TASK TO CARRY OUT
Would you copy only the lines below, from the one containing "Россия спонсирует террористов" through the very last one, leaving the pictures out?

*** Block opens ***

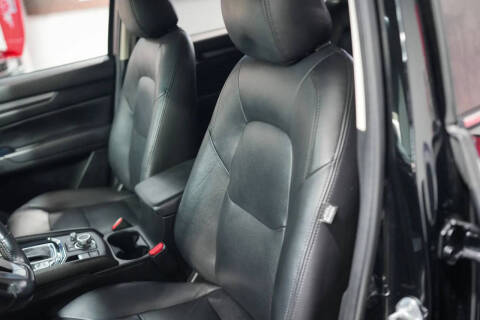 2018 Mazda CX-5 Sport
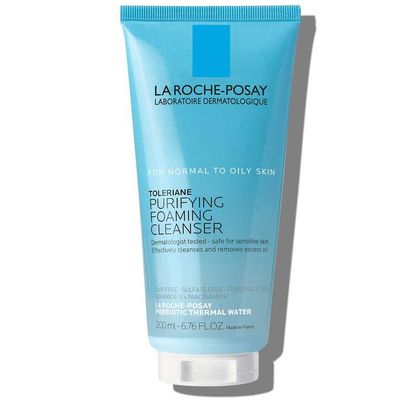 La Roche Posay Toleriane Purifying Foaming Cleanser 200ml #5894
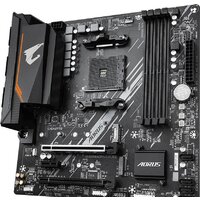 Материнская плата Gigabyte B550M Aorus Elite (rev. 1.0) - Превью изображения №3 — Интернет-магазин ПроЗаказ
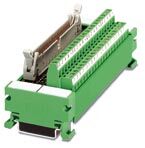 Пассивный модуль - UM 45-FLK50/LA/PLC Phoenix Contact артикул 2962502 Феникс Контакт, фото на Овертайм
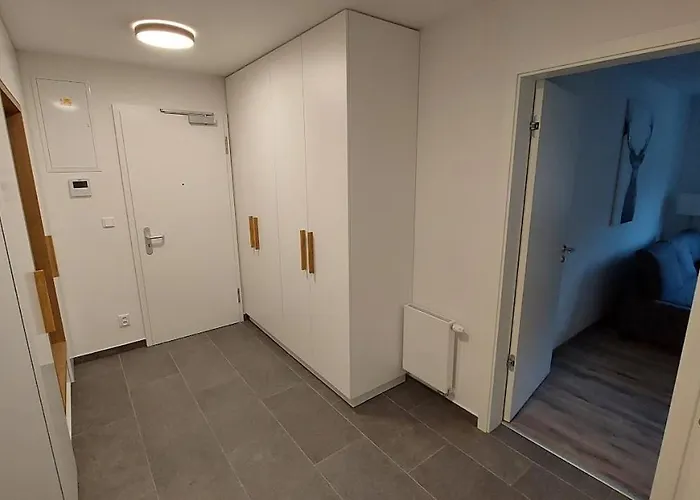 아파트 Apartman08 Dolní Morava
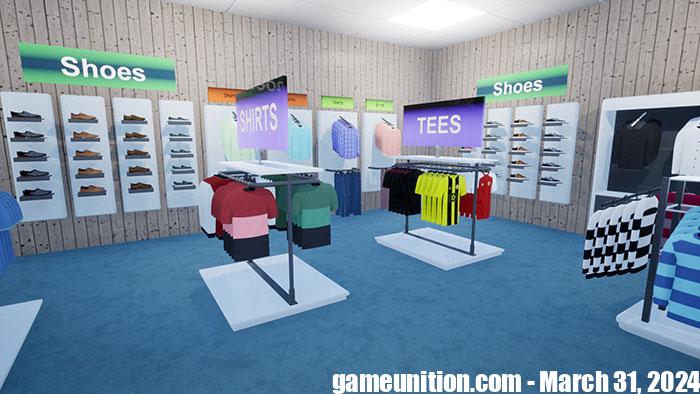 game tuong tu Supermarket Simulator 1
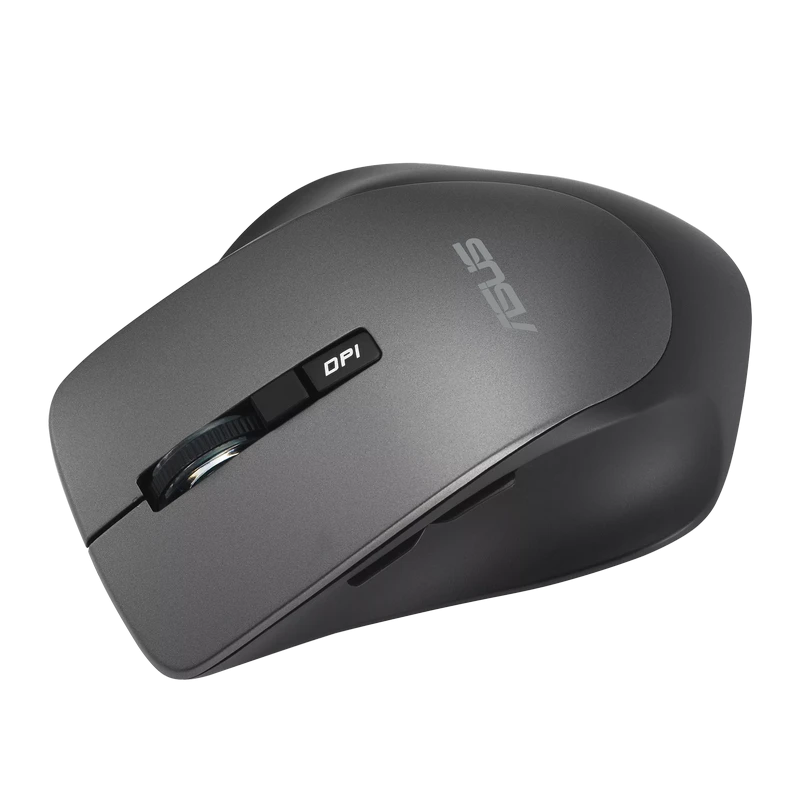 Беcпроводная мышь asus wt425, серый 3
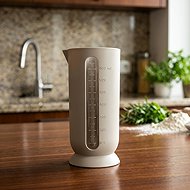 Blim Plus Measuring carafe QB M CF3-2-319 Moka Grey, 750 ml - Scoop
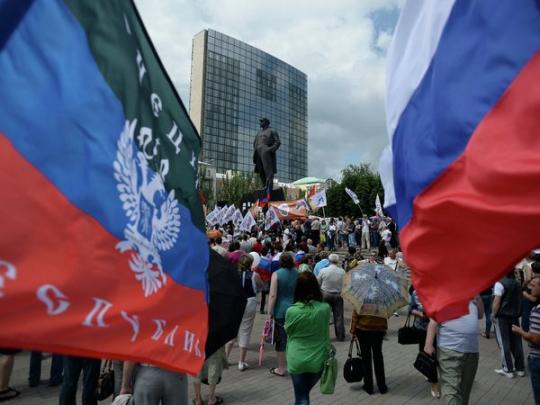 Россия спонсирует террористов через благотворительные фонды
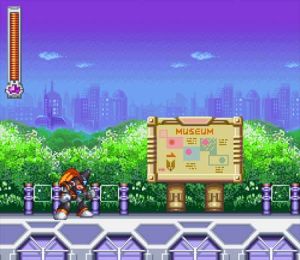 洛克人與佛魯迪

*** Block closes ***

RESULT OF THIS EXERCISE
 Россия спонсирует террористов через благотворительные фонды
 洛克人與佛魯迪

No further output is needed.